Towards Circular Batteries: Investigating Particle-Size Based Separation of Active Materials from spent Li-ion batteries

Abstract

With the enormous growth of portable electronics and the market expansion of electric vehicles, the demand for lithium-ion batteries is increasing enormously. To meet this demand, efficient recovery of battery components becomes crucial. Graphite, the material of choice for lithium-ion battery anodes, faces significant supply risks as current recycling technologies primarily focus on recovering economically valuable metal components like cobalt and nickel. Therefore, the effective separation of graphite from lithium-ion batteries is essential for recycling and reusing anode materials. The key to the direct recycling of graphite is the separation of the finest material fractions of Li-ion batteries: the anode and cathode. This work tests a circular battery manufacturing principle based on the idea that the an ode and cathode could be designed to have a difference in particle size to allow easy separation by centrifugation.

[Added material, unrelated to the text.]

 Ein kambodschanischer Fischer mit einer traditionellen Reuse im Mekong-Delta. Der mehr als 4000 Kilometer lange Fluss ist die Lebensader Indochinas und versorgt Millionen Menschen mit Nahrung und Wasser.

We analysed the particle sizes of anode and cathode material obtained from a spent Li-ion battery. A shift in particle size distributions is observed by grinding the materials, significantly reducing the particle sizes. We calculated the velocity distributions using Stokes’ formula for the settling velocity of spherical particles in dilute suspensions from these size distributions. Combining the velocity distributions for the anode andcathode showed the overlap of the velocities. A combination of milled and unmilled material shows the smallest overlap between the velocity distributions and, therefore, the largest difference in sedimentation velocity and the highest theoretical separation.
We measured the sedimentation of anode and cathode particles in water optically using a light source. A camera tracks the moving front of the dilute suspensions over time. Experiments of different milled samples for various concentrations show insights into the anode and cathode sedimentation behaviour. Results show that increasing concentration significantly reduces sedimentation velocities for the anode material. Theseresults deviate from what would be expected from the hindered settling of dilute suspension. A significant velocity reduction is measured for the milled anode and cathode, therefore showing the potential for separation if the materials have a marked difference in size.
In this thesis, a novel method is developed for characterising the sediment structure of the mixed active materials. By freezing sedimented suspensions, sample layers are horizontally cut off to look for the spreading of the different material components through the sediment. A combination of characterisation methods offers information about the anode and cathode fractions through the sediment layers. Significant differences between the sediment’s top and bottom layers regarding morphology, elemental components and thermal stability are observed.
The results show the potential for circular batteries in the future, where centrifugation can play a vital role in separating the electrode materials if they have a marked size difference.